“We wanted to make a first product line that could almost be like a capsule wardrobe – so everything in it is designed to go together,” says Noskin director Tony Corrales. The new unisex clothing company (pronounced “no skin”) launched earlier this year with a compact range. There’s a heavy-duty button-up shirt that you might throw over a T-shirt in transitional seasons, straight-cut jeans that’ll outlast skinny or oversized trends, and black Chelsea and combat boots (made in the world’s first vegan footwear factory in Brazil).
“[Each item is] designed to be evergreen, to stay with us through the life cycle of the brand,” says Corrales, who launched the company with fellow vegans Jai Long (a former wedding photographer) and Ash Pierce, who brings with her a decade of experience working with Lee, Wrangler and Neuw Denim.

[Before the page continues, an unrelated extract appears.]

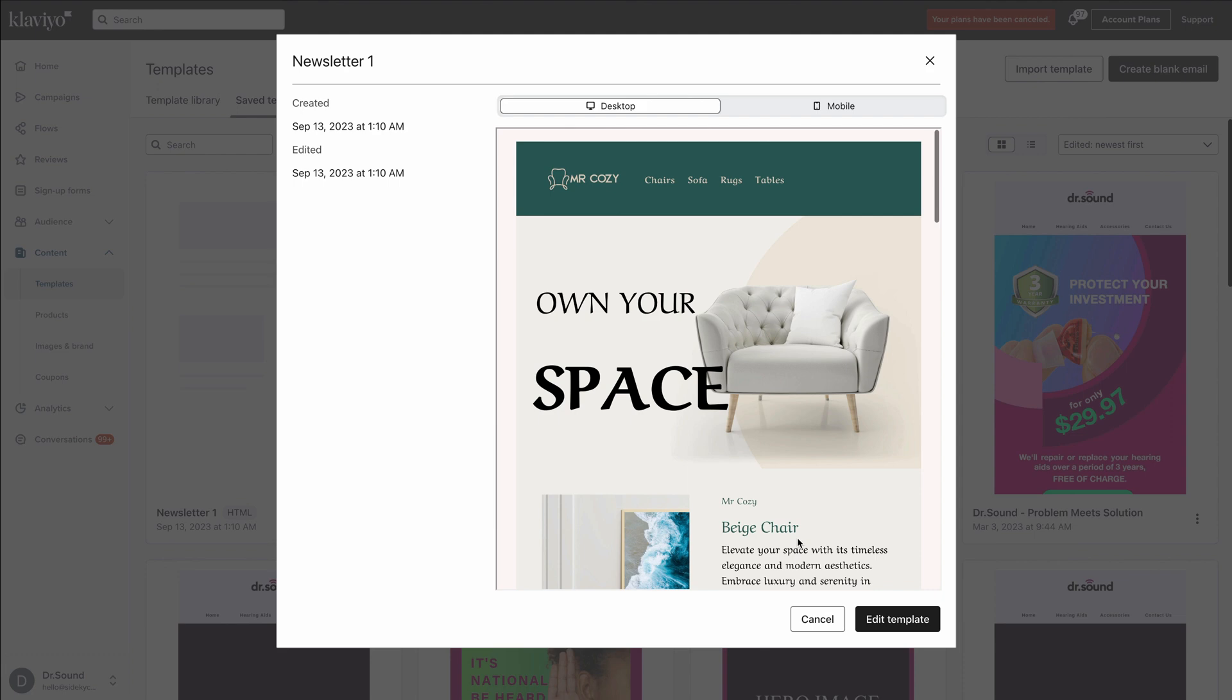That's how simple it is to export your email templates into your Klaviyo account with our one-click integration solution. Thanks for watching, and I'll see you in the next video.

Corrales has been vegan for 16 years, and though he’s seen the plant-based movement grow in the food and drink industries, especially in urban areas, he tells Broadsheet that clothing brands haven’t entirely caught up. “There are still a lot of animal products within fashion,” he says. “Our goal is to change the perception of vegan and sustainable clothing by being design and aesthetics led.”
The small-scale label operates out of a warehouse in Collingwood. Its clothing and footwear is made across the globe, working with a number of manufacturers that Pierce got to know during her time with the big denim companies.
Noskin’s shirt is made in China, its denim comes from Japan and is manufactured in Hong Kong, and its boots are handmade in a factory in Brazil known for its alternative-leather production.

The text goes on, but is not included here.